Carter’s agent Rick Curran called the charges “bull—-” and slammed the unnamed players for not “having the balls to come out publicly” and stand behind their claim that partying was the reason the pair was traded, adding their anonymity undermined the credibility of the accusation.
Since we all know hockey players only drink Gatorade, the official sports drink of the NHL, none of this can possibly be true.
NEW GIG: Andy Murray, former coach of the Kings and Blues who worked in the Canadiens hockey department for a few months in 2006 before getting hired in St. Louis, will formally be hired Tuesday as the new head coach of Western Michigan University, replacing Jeff Blashill, who unexpectedly left to take an assistant’s job under Mike Babcock with the Red Wings.
Murray’s 10 year NHL coaching record is He compiled a career record of 333-278-58-71 and he worked part of the 2006-07 season for the Habs after he was dismissed following seven years coaching the Kings, and his work for the Habs was widely praised and credited as a factor in the team’s 24-9-5 start under new coach Guy Carbonneau. Murray is known as one of the best prepared coaches in hockey, going so far as to slip written copies of the game plan under the hotel doors of the players the night before road games.
“I was so fortunate, so incredibly lucky, to be able to work in the Montreal Canadiens organization for two or three months, and for someone like Bob Gainey,” Murray told George Johnson of ESPN.com in 2007. “I was a Habs fan growing up, so it was, in all honesty, an opportunity I couldn’t pass up.
“I still have my business card — Andy Murray, Montreal Canadiens, Consultant — and I’ll keep it forever.
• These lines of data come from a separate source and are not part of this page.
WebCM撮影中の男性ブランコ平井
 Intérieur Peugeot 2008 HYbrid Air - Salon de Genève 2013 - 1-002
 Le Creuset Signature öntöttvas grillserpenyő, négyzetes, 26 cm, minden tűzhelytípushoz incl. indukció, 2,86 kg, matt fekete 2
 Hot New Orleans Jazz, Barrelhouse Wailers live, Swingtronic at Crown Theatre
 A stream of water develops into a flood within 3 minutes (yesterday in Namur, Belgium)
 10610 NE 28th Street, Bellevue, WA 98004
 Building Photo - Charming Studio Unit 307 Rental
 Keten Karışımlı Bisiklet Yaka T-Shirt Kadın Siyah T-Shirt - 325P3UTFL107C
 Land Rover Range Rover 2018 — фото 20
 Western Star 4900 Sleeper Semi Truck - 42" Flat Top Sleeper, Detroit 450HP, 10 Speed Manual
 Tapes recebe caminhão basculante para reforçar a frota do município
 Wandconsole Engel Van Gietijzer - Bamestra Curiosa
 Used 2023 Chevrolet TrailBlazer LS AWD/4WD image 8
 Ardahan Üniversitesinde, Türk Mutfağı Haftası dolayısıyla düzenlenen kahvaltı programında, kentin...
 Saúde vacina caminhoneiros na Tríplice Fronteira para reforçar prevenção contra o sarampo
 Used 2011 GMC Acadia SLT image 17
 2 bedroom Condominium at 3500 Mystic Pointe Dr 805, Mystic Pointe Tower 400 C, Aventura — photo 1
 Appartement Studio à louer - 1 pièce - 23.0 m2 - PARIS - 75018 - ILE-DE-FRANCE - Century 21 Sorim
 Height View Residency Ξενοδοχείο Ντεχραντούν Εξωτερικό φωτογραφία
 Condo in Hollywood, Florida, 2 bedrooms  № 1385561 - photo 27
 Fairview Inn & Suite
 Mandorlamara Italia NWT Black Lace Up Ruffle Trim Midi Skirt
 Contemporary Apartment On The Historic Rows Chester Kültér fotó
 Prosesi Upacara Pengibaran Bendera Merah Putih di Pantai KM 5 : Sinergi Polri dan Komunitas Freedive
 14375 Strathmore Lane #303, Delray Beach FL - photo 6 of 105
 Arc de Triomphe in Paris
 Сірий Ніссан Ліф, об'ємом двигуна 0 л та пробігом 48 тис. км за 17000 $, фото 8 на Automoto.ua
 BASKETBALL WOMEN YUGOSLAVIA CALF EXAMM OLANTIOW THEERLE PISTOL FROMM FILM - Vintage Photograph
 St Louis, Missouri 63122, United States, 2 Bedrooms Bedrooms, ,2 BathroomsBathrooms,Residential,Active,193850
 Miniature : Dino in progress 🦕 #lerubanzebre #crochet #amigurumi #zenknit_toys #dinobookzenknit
I guess some people might laugh at that. ‘You’ve been a head coach in the league for a long time’ and whatnot. But the organization in Montreal is so solid, so steeped in history and tradition, it was a thrill to be a part of it, however briefly.”
BIG BUCKS: According to the Sports Business Journal, NHL Commissioner Gary Bettman’s salary has doubled from $3.7 million to the $7.5 million (all figures US dollars), according to tax filings SJB obtained. Bettman’s base salary for 2009-10 was $5,787,524. He received $826,369 in other compensation, $877,597 in deferred compensation and $25,988 in benefits.
That’s still less than MLB’s commissioner Bud Selig ($18.35 million), NFL boss Roger Goodell ($10.9 million) and what NBA commissioner David Stern is believed to make (estimated at more than $10 million).
Paul Hunter of The Toronto Star notes that his pay rate means Bettman makes more than all but 17 NHL players, including Scott Gomez and everyone else on the Canadiens.
“Bettman would likely have a better year than Gomez; he’d certainly be feistier,” Hunter wrote.
In fact, Hunter was wrong about their relative salaries; Bettman’s salary was listed for 2009-10 when Gomez’s was $8 million. Only his cap hit was lower ($7,357,143). There is, apparently, no salary cap on NHL commissioners.